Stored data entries
----------------

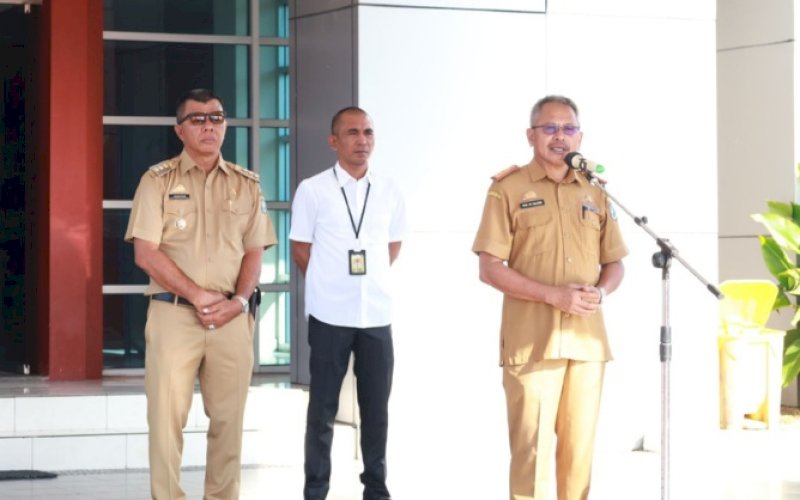 LAPORAN. Sekda Kabupaten Bulukumba Muh Ali Saleng didampingi Bupati Bulukumba Andi Muchtar Ali Yusuf pada Apel Gabungan OPD di halaman Kantor Bupati Bulukumba, Senin (3/11/2025). Ali Saleng menyampaikan hasil Rapat Koordinasi Sinkronisasi Program Kegiatan Kementerian/LPNK dengan Pemerintah Daerah Tahun 2025 yang dilaksanakan Kemendagri di Kampus IPDN Jatinangor, Provinsi Jawa Barat, pekan lalu. foto: istimewa
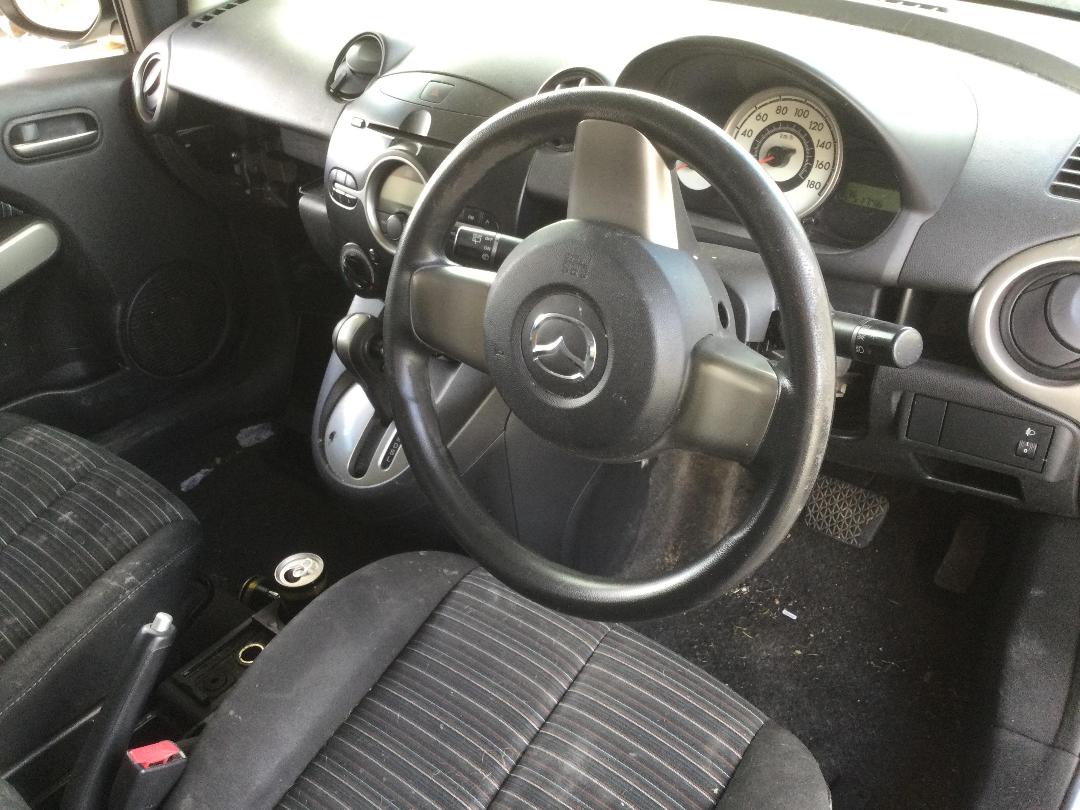 Photo '14' of Mazda Demio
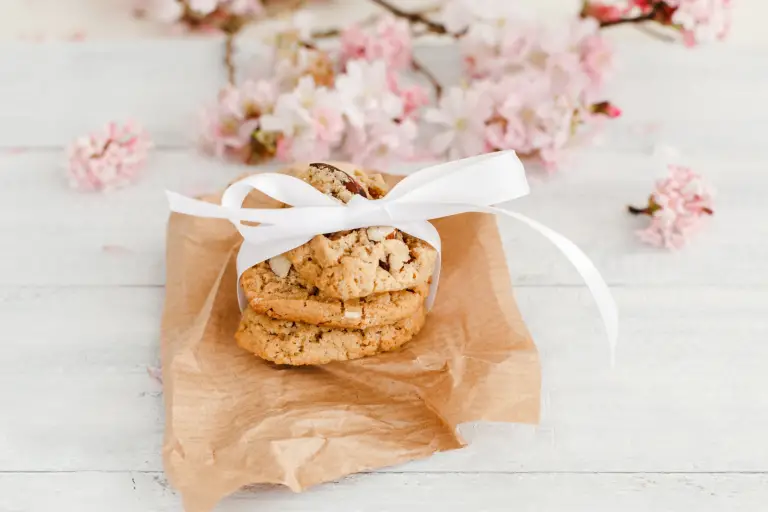 almond banana cookies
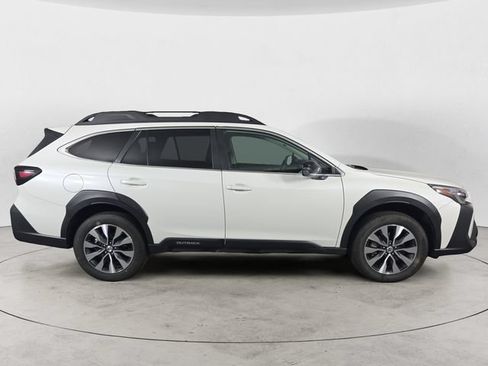 Certified 2025 Subaru Outback Limited AWD/4WD image 6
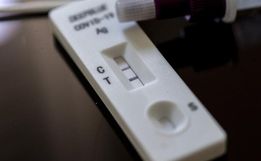 Testes positivos de Covid-19 em farmácias de SC aumentam 124% em novembro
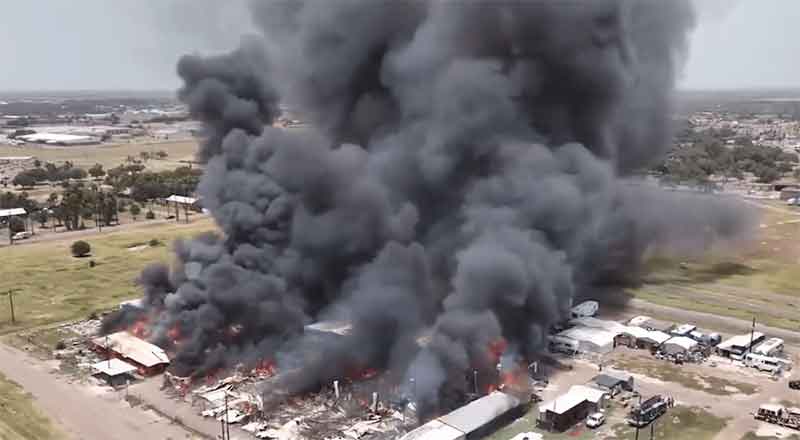 Consumen grandes llamas la pulga de Donna, Texas 1 PULGA 2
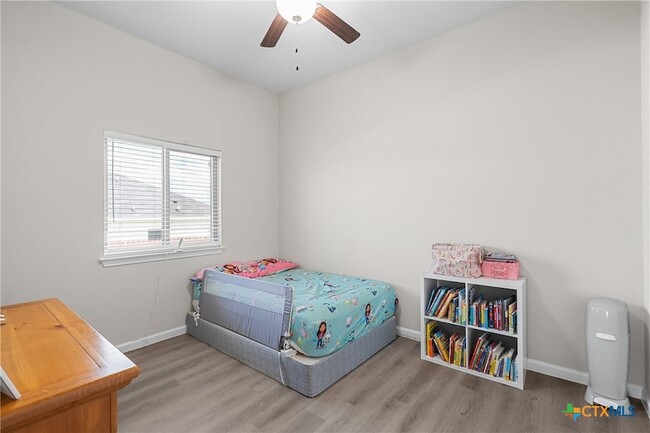 Building Photo - 7822 Kendall Hill Dr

----------------

Repeat exactly the lines in the entries from the one containing "Testes positivos de" to the final line, inclusive, and nothing beyond them; skip pictures.

 Testes positivos de Covid-19 em farmácias de SC aumentam 124% em novembro
 Consumen grandes llamas la pulga de Donna, Texas 1 PULGA 2
 Building Photo - 7822 Kendall Hill Dr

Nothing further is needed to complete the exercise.